Aim of the exercise
Reproduce the listing in its entirety. Do not reproduce the pictures.

Data

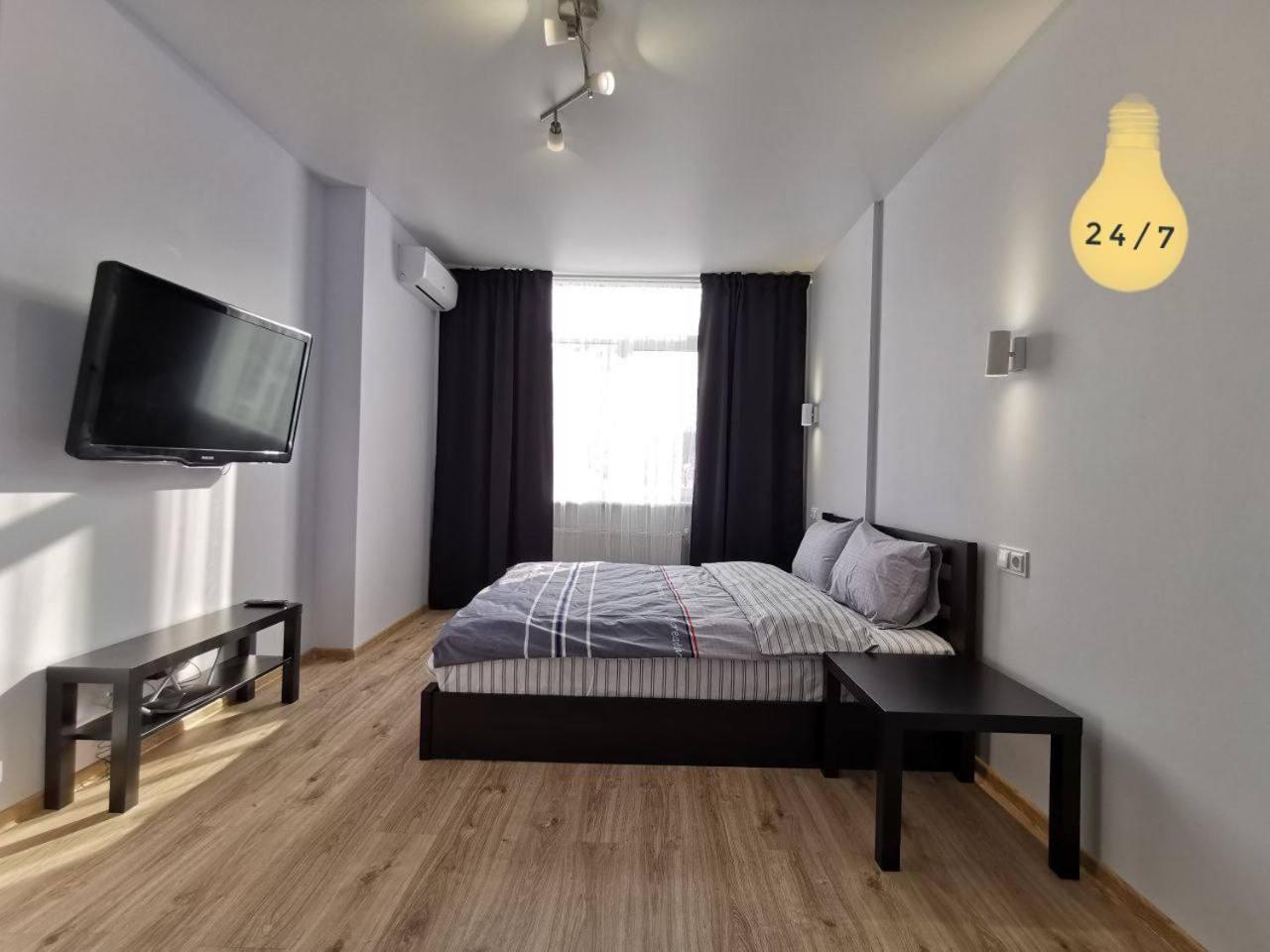 Green Apartments Τσέρνιγκοφ Εξωτερικό φωτογραφία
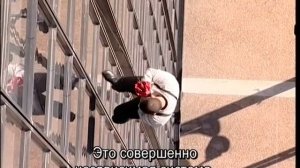 Cпайдер-спасение при пожаре в высотном здании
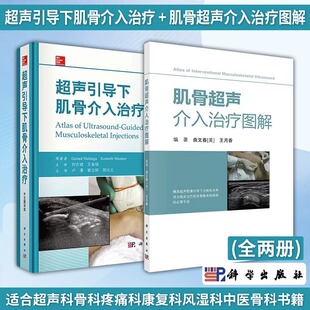 全2册 编 超声引导下肌骨介入治疗 杰德拉.马兰加 适合超声科骨科疼痛科康复科风湿科中医骨科书籍 肌骨超声介入治疗图解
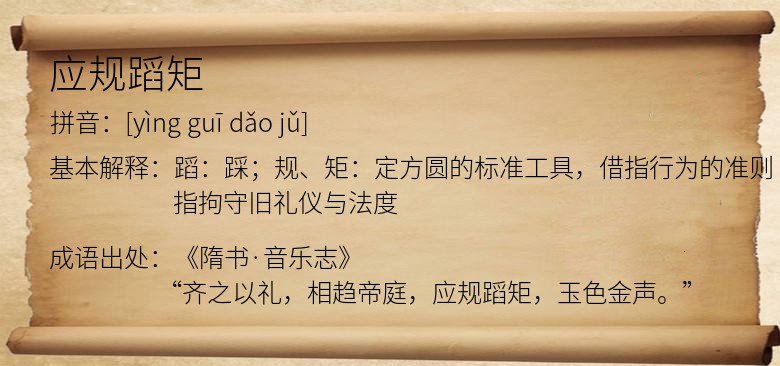 应规蹈矩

Output below
 Green Apartments Τσέρνιγκοφ Εξωτερικό φωτογραφία
 Cпайдер-спасение при пожаре в высотном здании
 全2册 编 超声引导下肌骨介入治疗 杰德拉.马兰加 适合超声科骨科疼痛科康复科风湿科中医骨科书籍 肌骨超声介入治疗图解
 应规蹈矩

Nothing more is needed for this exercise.